Dec 26, 2009

Proving Master/Slave Clusters Work and Learning along the Way

2009 has been a big year for Tungsten. In January we had (barely) working replication for MySQL. It had some neat features like global IDs and event filters, but to be frank you needed imagination to see the real value. Since then, Tungsten has grown into a full-blown database clustering solution capable of handling a wide range of user problems. Here are just a few of the features we completed over the course of the year:
  • Autonomic cluster management using business rules to implement auto-discovery of new databases, failover, and quick recovery from failures
  • Built-in broadcast monitoring of databases and replicators
  • Integrated backup and restore operations
  • Pluggable replication management, proven by clustering implementations based on PostgreSQL Warm Standby and Londiste
  • Multiple routing mechanisms to provide seamless failover and load balancing of SQL
  • Last, but not least, simple command line installation to configure and start Tungsten in minutes
You can see the results in our latest release, Tungsten 1.2.1, which comes in both open source and commercial flavors. (See our downloads page to get software as well as documentation.)

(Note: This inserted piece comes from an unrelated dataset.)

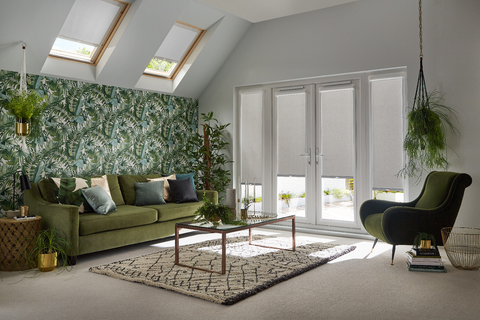 Living room with tropical design and patio doors dressed with grey perfect fit blinds
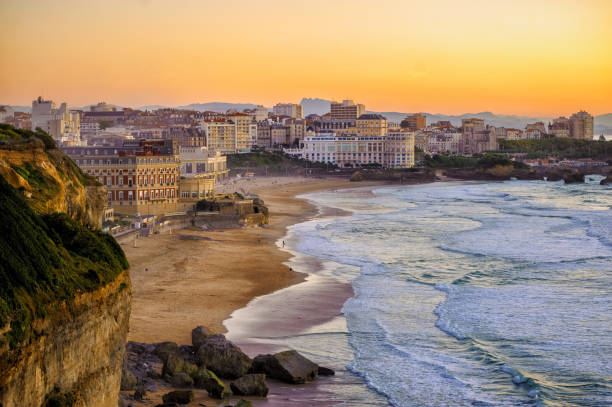 Sunset over Biarritz beaches, France, Atlantic coast Biarritz city and its famous sand beaches - Miramar and La Grande Plage, Bay of Biscay, Atlantic coast, France french basque country photos stock pictures, royalty-free photos & images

In the latter part of 2009 we also worked through our first round of customer deployments, which was an adventure but helped Tungsten grow enormously. Along the way, we confirmed a number of hunches and learned some completely new lessons.
  • Hardware is changing the database game. In particular, performance improvements are shifting clustering in the direction of loosely coupled master/slave replication rather than tightly coupled multi-master approaches. As I laid out in a previous article, the problem space is shifting from database performance to availability, data protection, and utilization.
  • Software as a Service (SaaS) is an important driver for replication technology. Not only is the SaaS sector growing, but even small SaaS applications can result in complex database topologies that need parallel, bi-directional, and cross-site replication, among other features. SaaS business economics tend to drive building these systems on open source databases like MySQL and PostgreSQL. By supporting SaaS, you support many other applications as well.
  • Cluster management is hard but worthwhile. Building distributed management with no single points-of-failure is a challenging problem and probably the place where Tungsten still has the most work to do. Once you get it working, though, it's like magic. We have been focused on trying to make management procedures not just simple but wherever possible to do away with them completely by making the cluster self-managing.
  • Business rules rock. We picked the DROOLS rule engine to help control Tungsten and make it automatically reconfigure itself when data sources appear or fail. The result has been an incredibly flexible system that is easy to diagnose and extend. Just one example: floating IP address support for master databases took 2 hours to implement using a couple of new rules that work alongside the existing rule set. If you are not familiar with rules technology, there is still time to make a New Year's resolution to learn it in 2010. It's powerful stuff.
  • Clustering has to be transparent. I mean really transparent. We were in denial on this subject before we started to work closely with ISPs, where you don't have the luxury of asking people to change code. Tungsten Replicator is now close to a drop-in replacement for MySQL replication as result. We also implemented proxying based on packet inspection rather than translation and re-execution to raise throughput and reduce incompatibilities visible to applications.
  • Ship integrated, easy-to-use solutions. We made the mistake of releasing Tungsten into open source as a set of components that users had to integrate themselves. We have since recanted. As penance we now ship fully integrated clusters with simple installation procedures even for open source editions and are steadily extending the installations to cover not just our own software but also database and network configuration.
Beyond the features and learning experiences the real accomplishment of 2009 was to prove that integrated master/slave clusters can solve a wide range of problems from data protection to HA to performance scaling. In fact, what we have implemented actually works a lot better than I expected when we began to design the system back in 2007. (In case this sounds like a lack of faith, plausible ideas do not not always work in the clustering field.) If you have not tried Tungsten, download it and see if you share my opinion.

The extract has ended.